**Working data**:
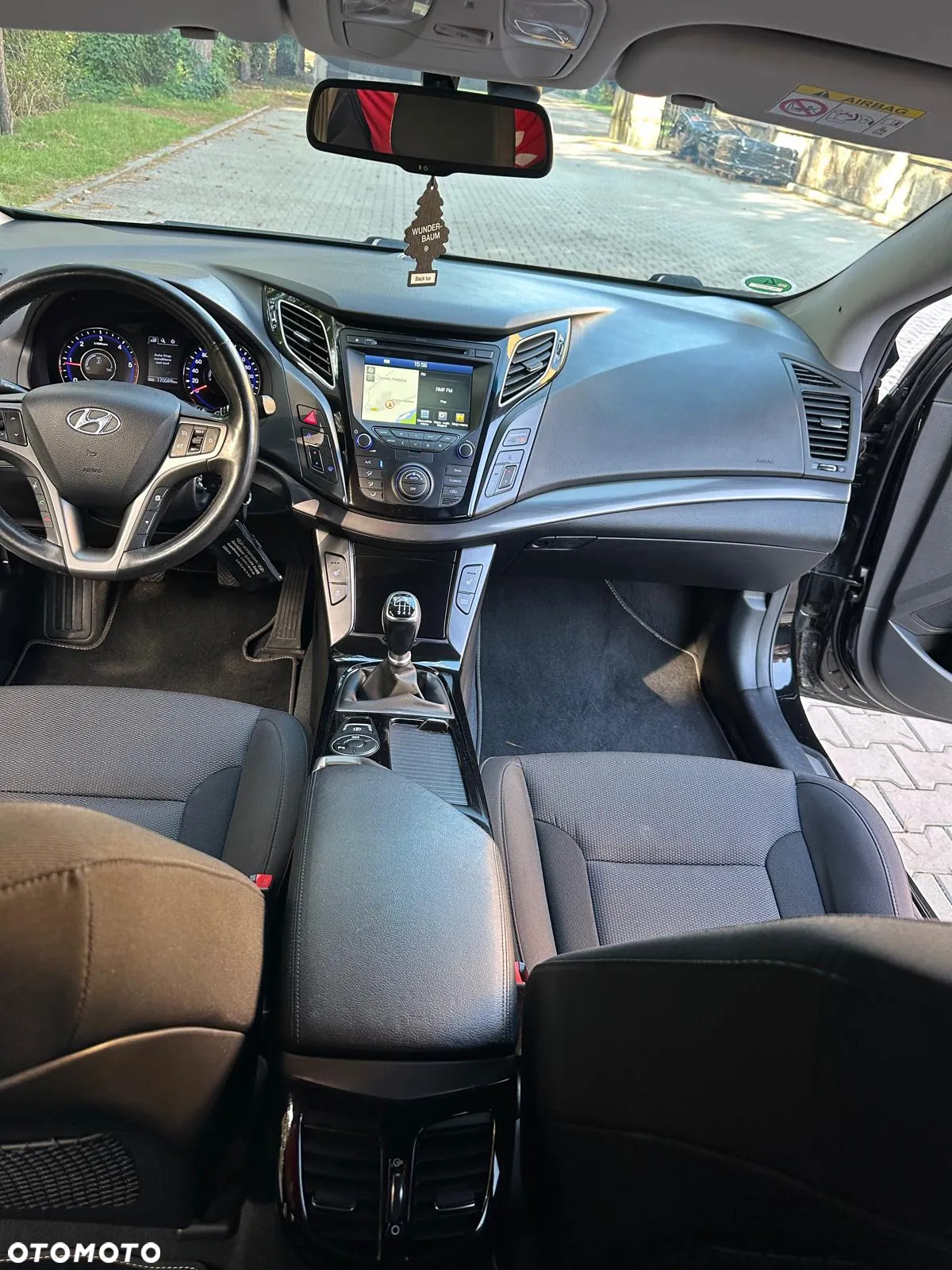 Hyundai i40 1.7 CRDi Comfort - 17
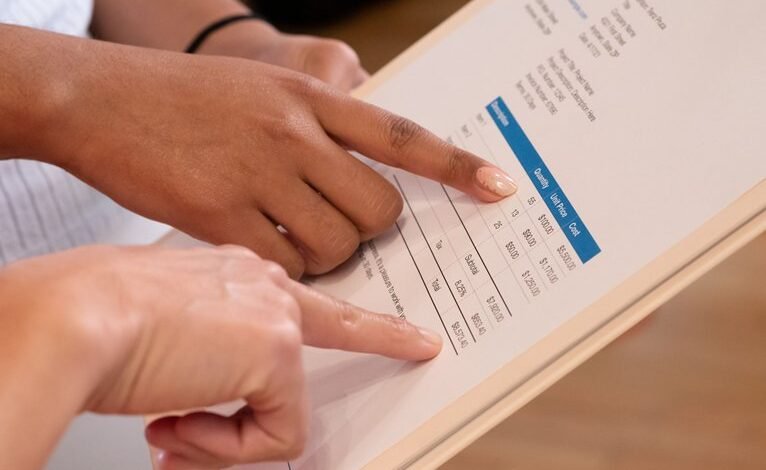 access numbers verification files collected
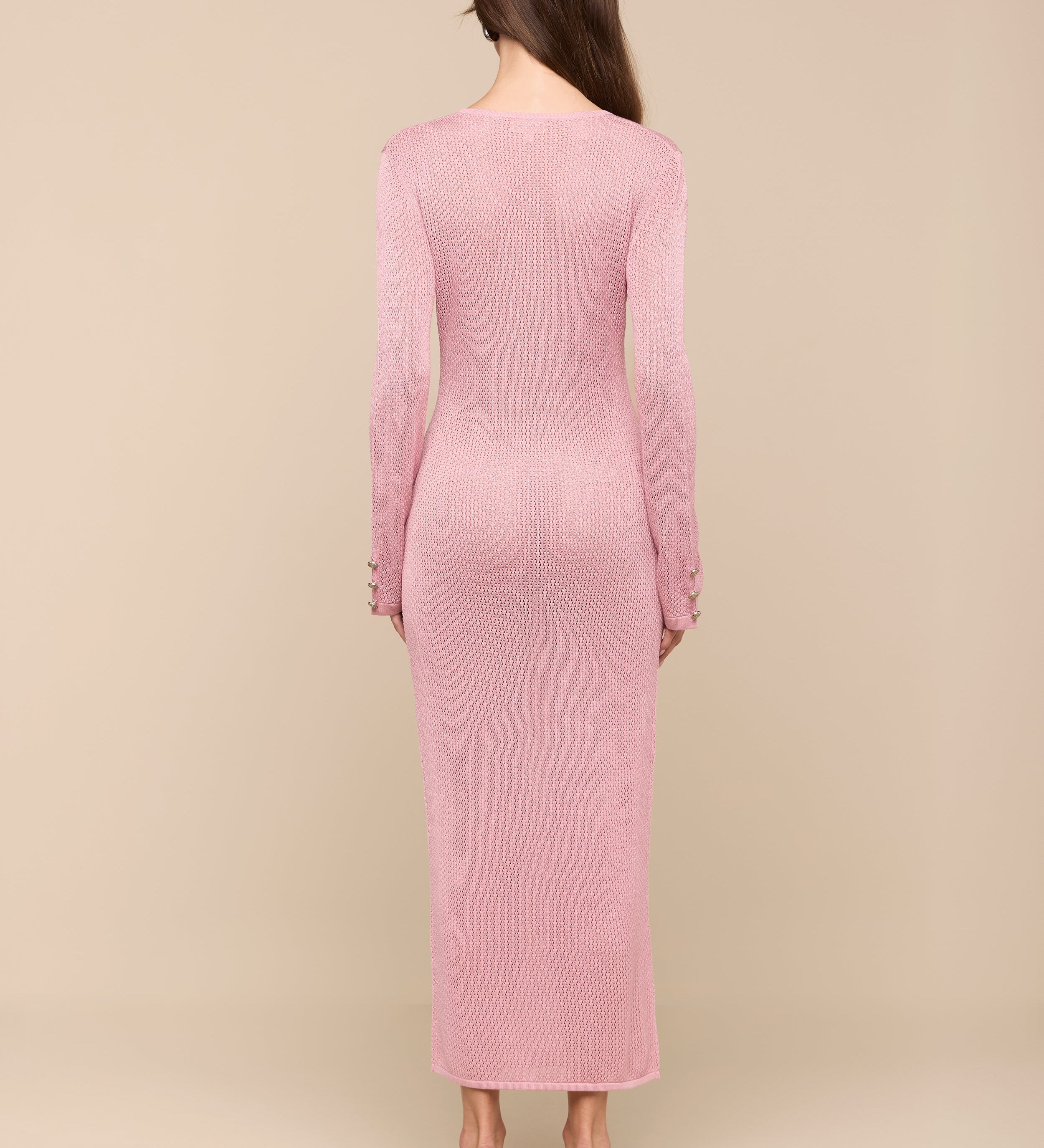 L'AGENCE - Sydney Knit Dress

--

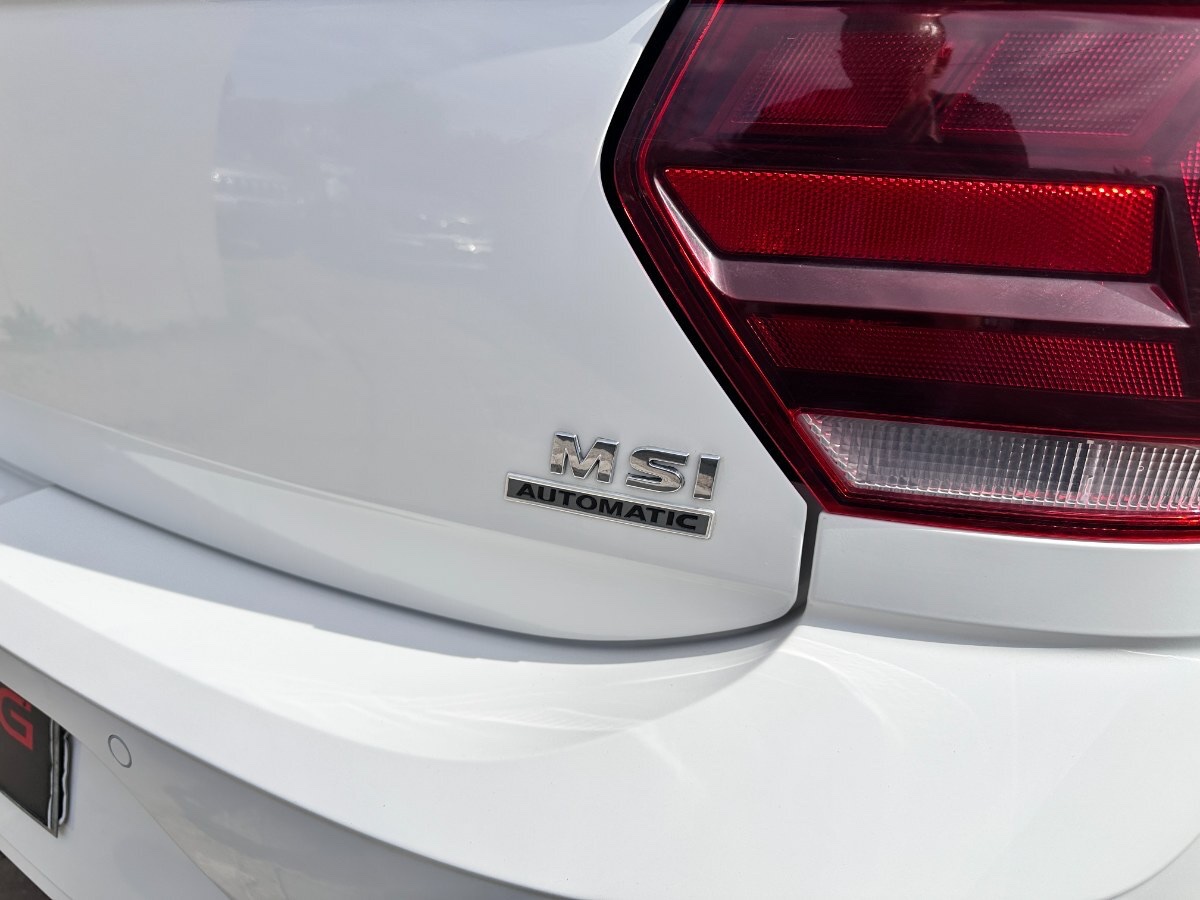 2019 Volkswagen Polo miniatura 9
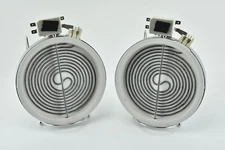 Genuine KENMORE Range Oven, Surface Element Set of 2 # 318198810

**Goal of the exercise**:
For this exercise, transcribe exactly the part of the records above that opens with the line containing "2019 Volkswagen Polo miniatura 9" and closes with the one containing "Genuine KENMORE Range". Pictures are not part of the copy.

**Written solution**:
 2019 Volkswagen Polo miniatura 9
 Genuine KENMORE Range Oven, Surface Element Set of 2 # 318198810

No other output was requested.